#### [Stored data]

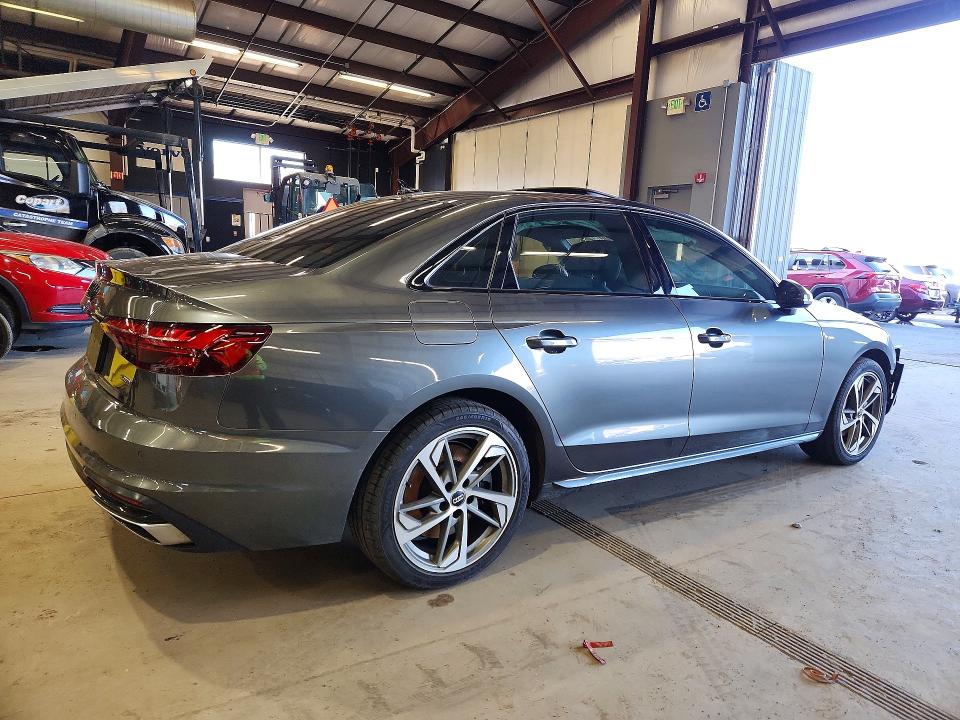 Aukcja sprzedaży 2021 Audi A4, vin: WAUEAAF44MA013091, numer aukcji: 46017626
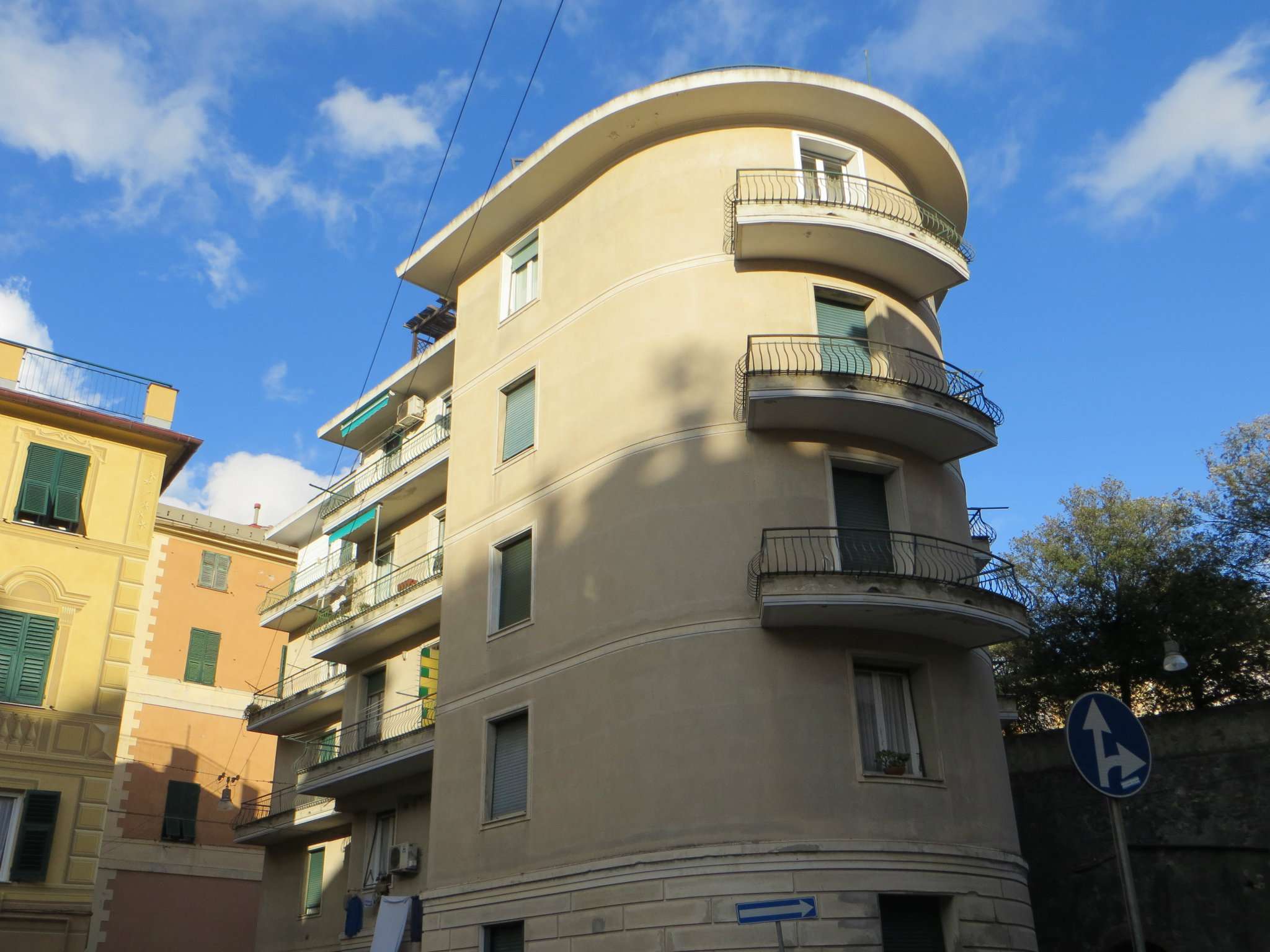  genova vendita quart: pegli columbia immobiliare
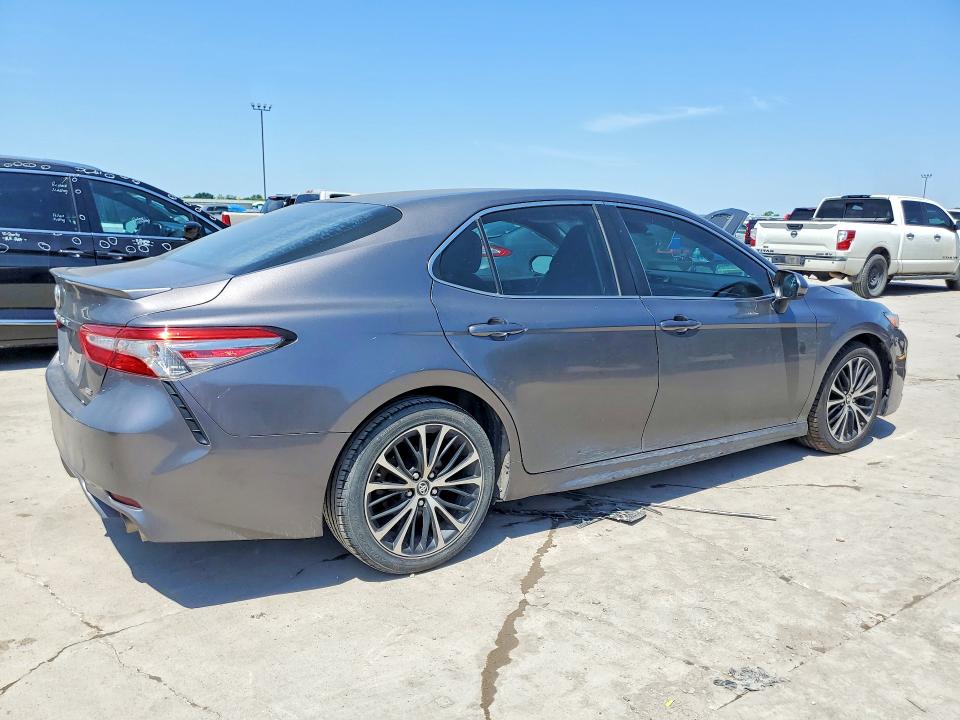 Продажа на аукционе авто 2018 Toyota Camry, vin: 4T1B11HK0JU554341, номер лота: 53514716
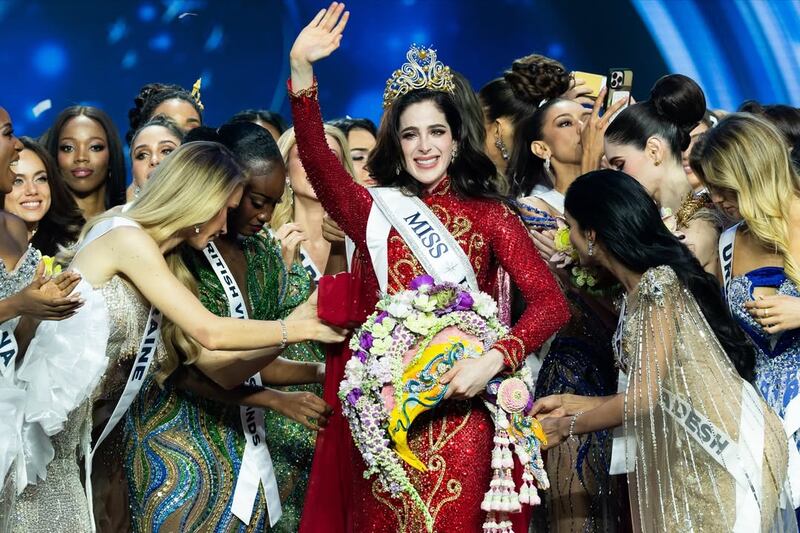 Ig / @missuniverse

#### [Directions for this task]
Pictures stay out. Everything else in the listing gets printed exactly.

#### [Expected answer]
 Aukcja sprzedaży 2021 Audi A4, vin: WAUEAAF44MA013091, numer aukcji: 46017626
  genova vendita quart: pegli columbia immobiliare
 Продажа на аукционе авто 2018 Toyota Camry, vin: 4T1B11HK0JU554341, номер лота: 53514716
 Ig / @missuniverse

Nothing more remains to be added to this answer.